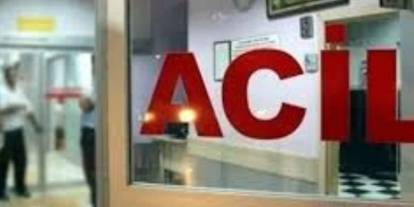 Gaziantep’te Tedirgin Eden Salgın!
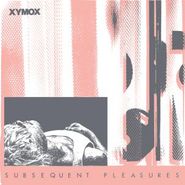 Xymox, Subsequent Pleasures (LP)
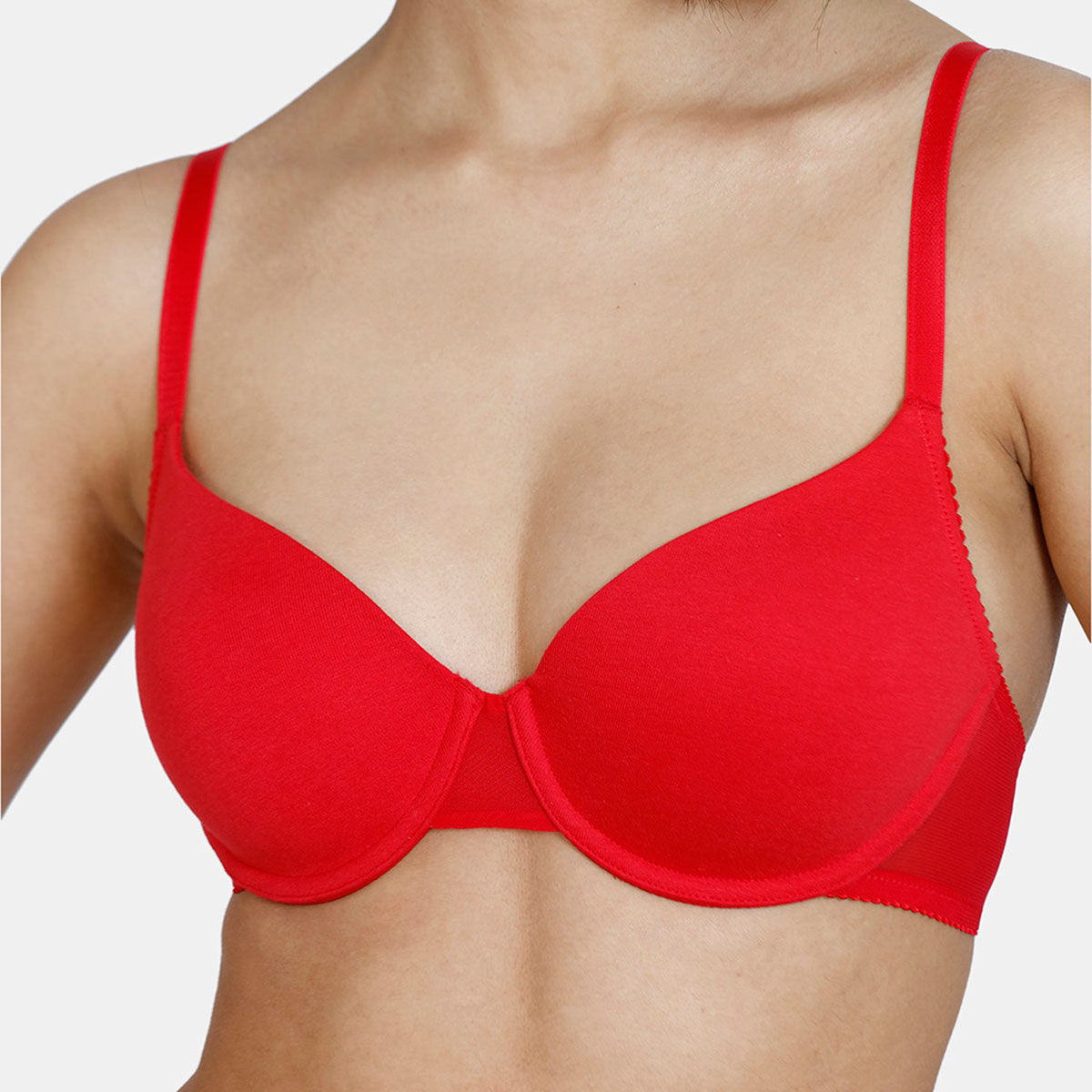 zivame-beautiful-basics-padded-wired-medium-coverage-t-shirt-bra-ski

- - -

## Task statement
Word for word, return the material above; the pictures stay out.

## Solution for this problem
 Gaziantep’te Tedirgin Eden Salgın!
 Xymox, Subsequent Pleasures (LP)
 zivame-beautiful-basics-padded-wired-medium-coverage-t-shirt-bra-ski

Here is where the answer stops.